ホームにサガン鳥栖を迎えてのJ1リーグ戦。前半はガンバが優勢に試合を運びながらチャンスを生かしきれず、スコアレスで折り返す。後半になると流れが一転、鳥栖に再三にゴールチャンスを作られたものの、危ないシーンも全員で体を張って凌ぎ、ゴールを許さない。その後もなかなか攻撃チャンスを見出せないガンバだったが、84分に途中出場のアデミウソンの絶妙なクロスを、同じく途中出場の渡邉千真が頭であわせて値千金のゴールを奪い、J1リーグでは7試合ぶりの白星を掴んだ。試合後のガンバ監督、選手のコメントをお届けする。

●宮本恒靖監督

ー前半と後半で違う展開になりましたが、後半はめられて押し込まれている中でどういうイメージで交代カードを切っていったのでしょうか。渡邊選手が期待に応えてくれたと思いますがその評価をお願いします。

後半は思った以上に相手の圧力をまともに受けてしまい、自分たちのボールにする時間が少なかった。それは、ハーフタイムの指示として、少し中盤がビルドアップに参加しすぎているというところで、肝心のペナルティエリア前に人がいないということもあったので、そういったことも関係していたと思います。相手の時間帯になっていく中で、こちらに流れを持ってくるためにもう少し早い交代も考えていましたが、今日は少し湿度がある中でどこに疲れがでるかわからない中で、少し引っ張ったところもあります。少し前線でボールがおさまらなかったので千真(渡邊千真)をいれたり、アデ(アデミウソン)にしても左サイドで最後アシストもしてくれましたけど、非常にいい働きをしてくれたと思います。千真は練習からよくて、シュート練習にしても、ゲーム形式の中でもたくさん鋭い動きをみせていたので、どこかの試合でゴールが生まれそうだという気配はありました。今日はああいう、らしいシュートを決めてくれてチームにとっても大きなものになりました。

ー結果的に最前線のFWを交代してハマった形になりましたが、パトリック選手はもう少し調子がいいと、バチバチやりあうというか、戦うイメージありますが、少し本調子から遠いように見えました。監督は、加入以降、パトリック選手にどんなことを期待していたのでしょうか?

パトリックに関しては、前線のファン・ウィジョが抜けたあと、サイズのあるゴール前におさめてくれたり、裏に抜けるっていうところを期待していました。今日の試合に関しても、ヤット(遠藤保仁)から裏に出されるボールを受けるとか、っていうタスクを与えていました。ルヴァンの中ではコンディションが上がって来ているように見えましたが、今日は少しボールがおさまらなかったり、ヘディングの競り合いの得意なところで少し後手を踏むシーンがあったので今日は早めに交代しました。

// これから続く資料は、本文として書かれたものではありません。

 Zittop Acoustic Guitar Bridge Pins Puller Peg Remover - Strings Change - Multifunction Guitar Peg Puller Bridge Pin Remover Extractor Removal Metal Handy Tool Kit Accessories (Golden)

ー宇佐美選手が下がり気味になることも多い中で、前に一人残るパターンが多いんですけど、そういった中でどういったことを攻撃には期待しているのでしょうか。

展開にもよりますが、第一優先は相手の背後であると。でも少し相手を押し込んだ中で、もしくはランのボールをおさめたりすることで、我々の中盤の選手が前を向いてプレーできると、その間で時間を作りたいですし、そこのおさめるというプレーは求めているので、特にパトリックだったり、千真っていう高い選手は…貴史(宇佐美)に関してもそれはありますし…今日に関しては貴史は少しポジションを落とした中で使いましたが、背後に出るところも二番目のFWという役割も意識させています。ただ今日は中盤の小野瀬だったり倉田が、ダイヤモンドに走るようなシーンを作れると、前半からもう少し危険なシーンを作れたんじゃないかと思います。

ー藤春選手はこの間、U-23で45分プレーした後、今日はフル出場でした。予定通りの起用だったのかということと、パフォーマンスの評価について。またスサエタ選手のデビュー戦でしたが、短い時間でしたが評価を教えてください。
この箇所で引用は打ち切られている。